# [Activity]
From the material below, set down exactly the lines that run from the one containing "Another aspect of" to the one containing "He died April", minus the pictures.

# [Exercise inputs]
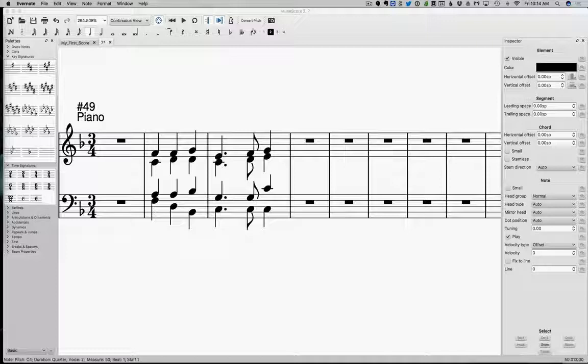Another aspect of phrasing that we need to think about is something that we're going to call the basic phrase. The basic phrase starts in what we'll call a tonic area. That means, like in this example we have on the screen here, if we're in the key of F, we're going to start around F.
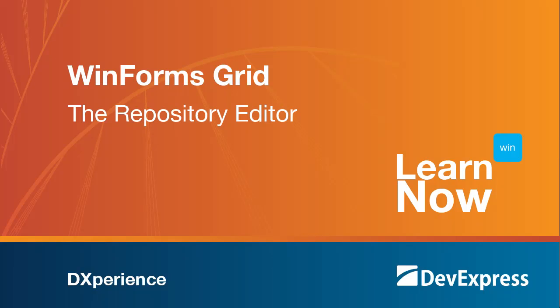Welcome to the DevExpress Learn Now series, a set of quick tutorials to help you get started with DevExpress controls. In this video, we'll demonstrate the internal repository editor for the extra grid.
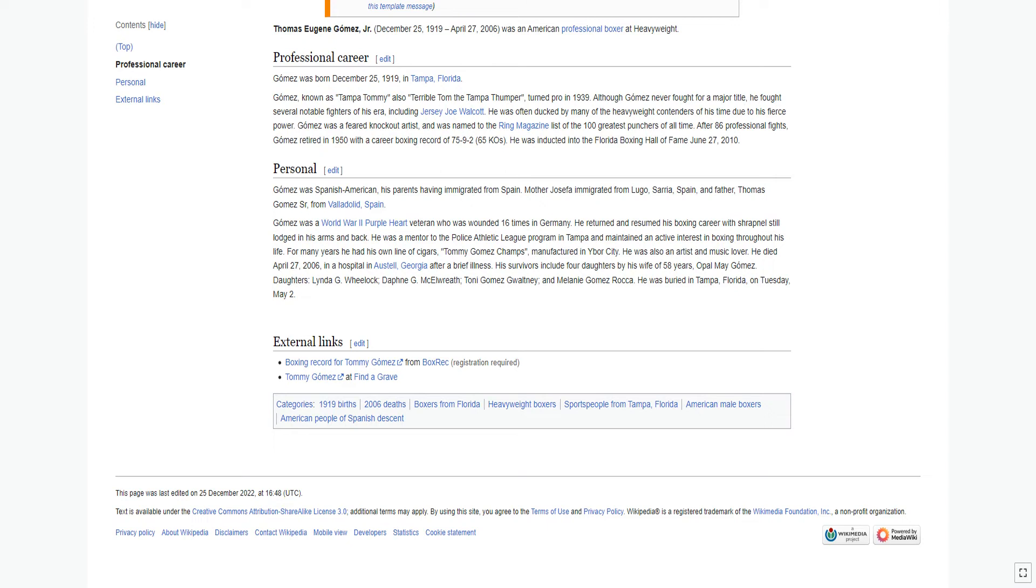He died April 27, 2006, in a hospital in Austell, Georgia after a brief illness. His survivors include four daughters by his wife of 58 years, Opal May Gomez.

--

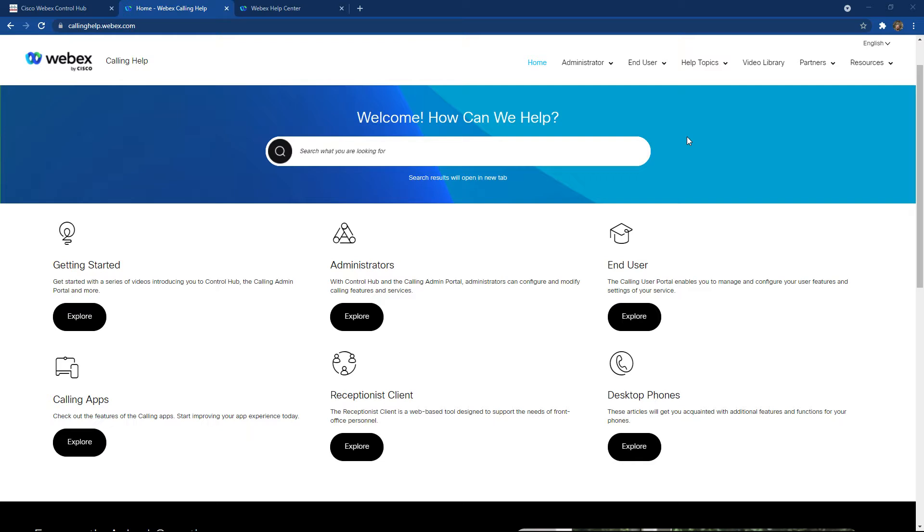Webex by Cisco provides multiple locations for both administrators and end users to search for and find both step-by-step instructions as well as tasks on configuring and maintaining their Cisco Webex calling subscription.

# [Exercise output]
Another aspect of phrasing that we need to think about is something that we're going to call the basic phrase. The basic phrase starts in what we'll call a tonic area. That means, like in this example we have on the screen here, if we're in the key of F, we're going to start around F.
Welcome to the DevExpress Learn Now series, a set of quick tutorials to help you get started with DevExpress controls. In this video, we'll demonstrate the internal repository editor for the extra grid.
He died April 27, 2006, in a hospital in Austell, Georgia after a brief illness. His survivors include four daughters by his wife of 58 years, Opal May Gomez.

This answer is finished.